▶ [Your instructions] Write out the data word for word and omit every picture.

▶ [Task input]
------------

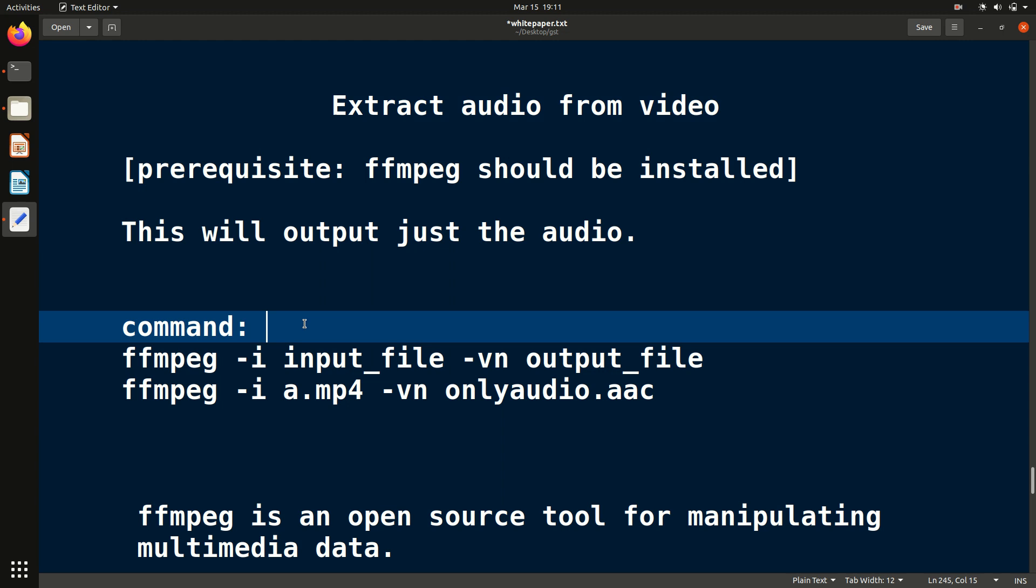It's very simple. With the help of just a command you will extract the audio. Suppose there is a video file, so in that case there is video and audio, but you want just the audio part, like .mp3 part. So how to extract the audio from video?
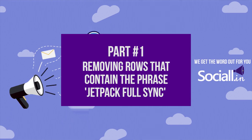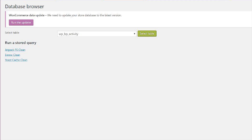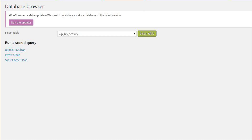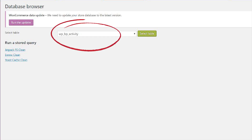In order to get rid of this bloat from WP options, go to Tools, go to Database Browser, select the WP options table and run the below query. Essentially what this does is that it gets rid from your WP options table any rows with the words 'Jetpack full sync'.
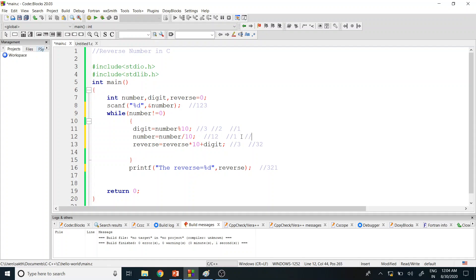Number is 1, which is not equal to zero, so the loop continues. Modulus of 1 with 10 gives 1 as remainder, and dividing by 10 gives quotient 0. Reverse is 32, so 32 * 10 = 320, plus digit 1 equals 321. Now number is 0, the condition fails, and we exit the loop and print 321.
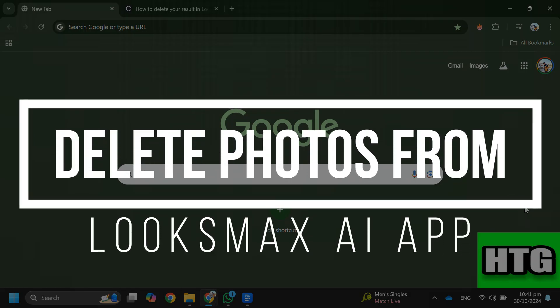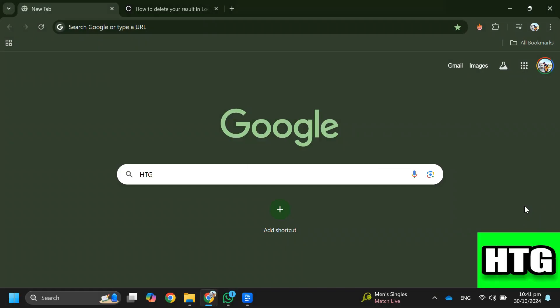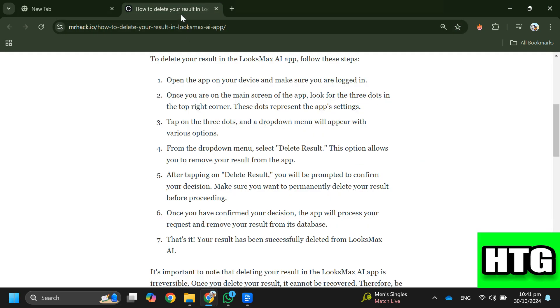How to delete photos from Luxmax AI app. Hey guys, in this video I'm going to show you how you can delete photos from the Luxmax AI app. Make sure to watch this video till the end and let's get started. So in order to delete photos from the Luxmax AI app, you have to follow these steps.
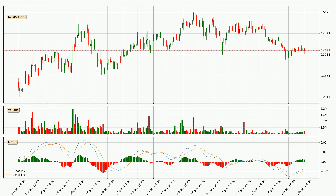Generally, the bigger timeframes have a bigger impact on the price, so please keep that in mind when we show different timeframes showing contrasting indicators. Also, the shorter timeframes are only representative for short-term trading.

------------

▶ [Solution to the exercise]
It's very simple. With the help of just a command you will extract the audio. Suppose there is a video file, so in that case there is video and audio, but you want just the audio part, like .mp3 part. So how to extract the audio from video?
In order to get rid of this bloat from WP options, go to Tools, go to Database Browser, select the WP options table and run the below query. Essentially what this does is that it gets rid from your WP options table any rows with the words 'Jetpack full sync'.
Number is 1, which is not equal to zero, so the loop continues. Modulus of 1 with 10 gives 1 as remainder, and dividing by 10 gives quotient 0. Reverse is 32, so 32 * 10 = 320, plus digit 1 equals 321. Now number is 0, the condition fails, and we exit the loop and print 321.
How to delete photos from Luxmax AI app. Hey guys, in this video I'm going to show you how you can delete photos from the Luxmax AI app. Make sure to watch this video till the end and let's get started. So in order to delete photos from the Luxmax AI app, you have to follow these steps.
Generally, the bigger timeframes have a bigger impact on the price, so please keep that in mind when we show different timeframes showing contrasting indicators. Also, the shorter timeframes are only representative for short-term trading.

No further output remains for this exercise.